In comparing results for 2006 to 2005, the August year-to-date numbers show that supply growth remained constant at a low .5%, demand growth dipped to 1.9% from 3.3%,and occupancy growth declined to1.3% from 2.6% -- continuing to grow but just at a slightly reduced rate. However, ADR growth jumped to 6.7% in 2006 from 4.8% in 2005, and RevPAR increased to 8.3% growth from 7.6%. These are very strong numbers.
It is significant that although the occupancy growth rate (2.1% for 2006) is moderating, the limited supply growth has caused ADR to continue its strong upward trend (at 6.7%). The positive trends are even stronger for certain segments such as the luxury and upper upscale segment and for transient business. And certain geographic markets have also dramatically outperformed the industry.

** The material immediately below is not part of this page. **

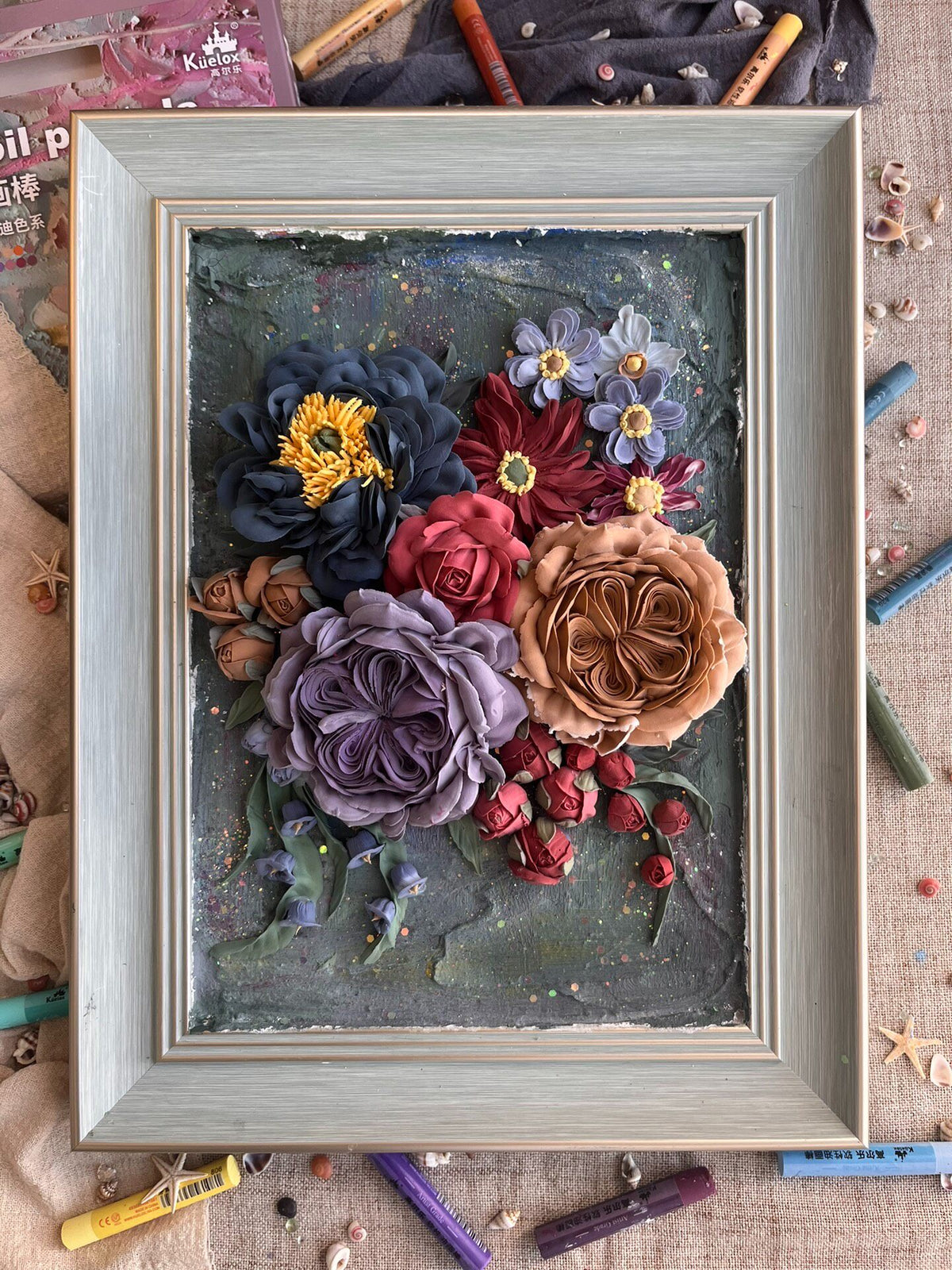 Clay Floral Art Framed Wall Decor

For example, although the average change in ADR for the entire United States is an impressive 6.8% growth, the average for the top 25 markets is 9.2%. And the top 25 markets are exceeded by at least 11 major markets, including, in increasing order of ADR growth: San Francisco (9.5% growth in ADR), Phoenix, Los Angeles, Boston, Dallas, Orlando, Atlanta, Miami, Chicago, New York, and Oahu (14.7% growth in ADR).
The supply pipeline is increasing, however, with 162,020 hotel rooms "in construction" in August 2006 compared to 93,361 rooms in construction in August 2005, a 73.5% increase and a number that is cause for some concern, but not panic.
Based upon a number of economic indicators and assumptions, including Real GDP, CPI, Corporate Profits, Disposable Personal Income and Unemployment Rates, STR makes a number of interesting projections:
• Growth in demand will continue to outpace the growth in supply by 1.9% compared to .8% for 2006 (a difference of 1.1%), and by 1.7% to 1.6% for 2007 (a difference of only .1%)
• Occupancy will continue to grow in 2006 and 2007 but at reduced levels of 1.1% and .1%, respectively
• RevPAR growth will continue at near record levels in 2006 and 2007 of 7.9% and 6.7%
The continued RevPAR growth is particularly significant. If STR's projections are accurate, the industry will have enjoyed RevPAR growth of 7.8% in 2004, 8.5% in 2005, 7.9% in 2006 and 6.7% in 2007. The huge significance of these numbers is that until 2004, in the entire time that STR has been gathering data (since 1989), RevPAR growth has never exceeded 7%. With 2006 almost "in the can," it is virtually certain that this year will mark three years of all-time record RevPAR growth. And it is extremely likely with the fundamentals in place that 2007 will not be far behind.
Supply seems to be picking up and the hotel industry usually commits suicide by building an oversupply of hotel rooms -- more than the public demands. However, high construction costs, high cost of land, and limited financing available for new construction continue to provide significant barriers to entry which bodes well for the long-term health of the hospitality industry.
We have to agree that things are pretty darn good in the hospitality industry, but we don't agree that there's any call for brooding. And we certainly hope that we don't talk ourselves into a downturn and create a self-fulfilling prophecy.